Zum selben Ergebnis gelangt man nach Ansicht des BFG auch durch eine Auslegung anhand des Frascati Manuals, auf das in Anhang I Teil A expressis verbis verwiesen wird. Nach diesem Auslegungsbehelf zählen alle verwaltungstechnischen und rechtlichen Schritte, die für die Beantragung von Patenten und Lizenzen erforderlich sind, nicht zu den Forschungsaufwendungen, mit Ausnahme von Patentarbeiten, die in direkter Verbindung mit F&E Projekten stehen. Unter Hinweis auf VwGH 29.03.2017, Ra 2015/15/0060 hält das BFG fest, dass es offenkundig der Absicht des Gesetzgebers entspricht, die Begriffe Forschung und Entwicklung unter ergänzender Heranziehung dieses Frascati Manuals auszulegen.

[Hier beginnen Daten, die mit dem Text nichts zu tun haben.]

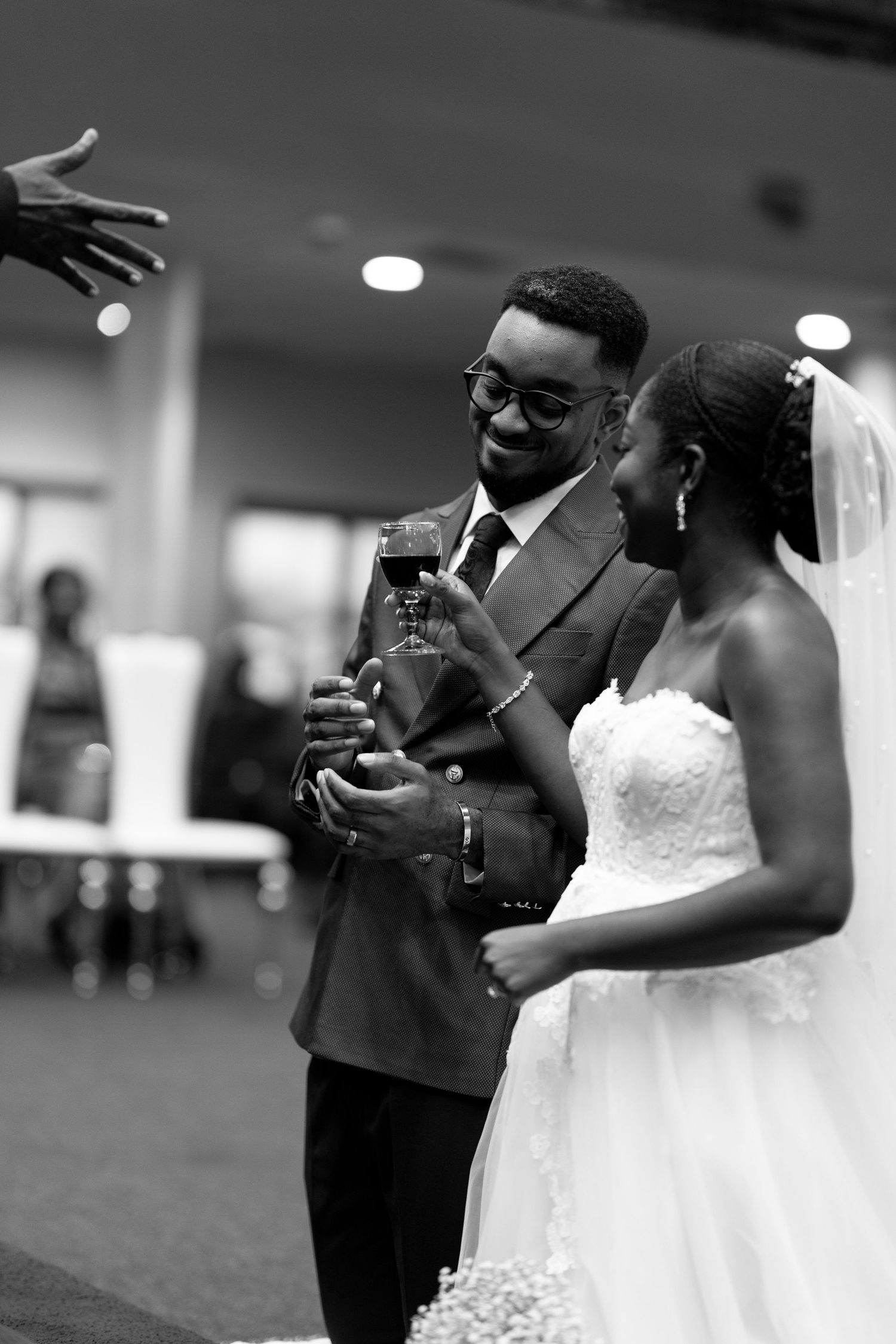 Candid moment of couple laughing during wedding shoot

Das BFG setzte die Forschungsprämie daher in Höhe der Beschwerdevorentscheidung fest und bezog die fraglichen Patentaufwendungen demnach nicht in die Bemessungsgrundlage ein. Die Revision ließ das BFG mit der Begründung zu, dass keine höchstgerichtliche Rechtsprechung zur Frage vorliegt, in welchen Fällen administrative und juristische Patentarbeiten Forschungsaufwendungen darstellen.
Conclusio
Die vorliegende Entscheidung des BFG beschäftigt sich mit der Auslegung des Begriffs „Forschungsaufwendungen“ iSd § 108c Abs 2 EStG unter Heranziehung der dazu erlassenen Forschungsprämienverordnung. Grundlegendes Kriterium für die Abgrenzung der Forschung und Entwicklung von verwandten Tätigkeiten ist nach Tz 84 des Frascati Manuals das Vorhandensein eines „nennenswerten Elementes der Neuheit“ sowie die „Lösung einer wissenschaftlichen oder technologischen Unsicherheit“ (VwGH 29.03.2017, Ra 2015/15/0060; Ebner in Jakom EStG16, § 108c Rz 5). Die Tätigkeit sollte also etwas „Neues“ hervorbringen und den bisherigen Wissensstand erweitern (Ebner in Jakom EStG16, § 108c Rz 5; EStR 2000 Rz 8208da). Die beschwerdegegenständliche Tätigkeit – das Patentieren von Forschungsergebnissen zum Zweck der wirtschaftlichen Verwertung durch Lizenzvergabe – wird diesen Anforderungen nicht gerecht. Es ist mit Blick auf den Telos der Forschungsprämie daher sachgerecht, die Grenze dort zu ziehen, wo der primäre Zweck der Aufwendungen nicht mehr das Vorantreiben des wissenschaftlichen Fortschritts, sondern die wirtschaftliche Verwertung des bereits erreichten Wissensstandes ist. Da in concreto Letzteres der Fall ist, erachtet das BFG die Patentaufwendungen als nicht prämienbegünstigt. Da bereits Revision eingebracht wurde, bleibt die höchstgerichtliche Entscheidung abzuwarten.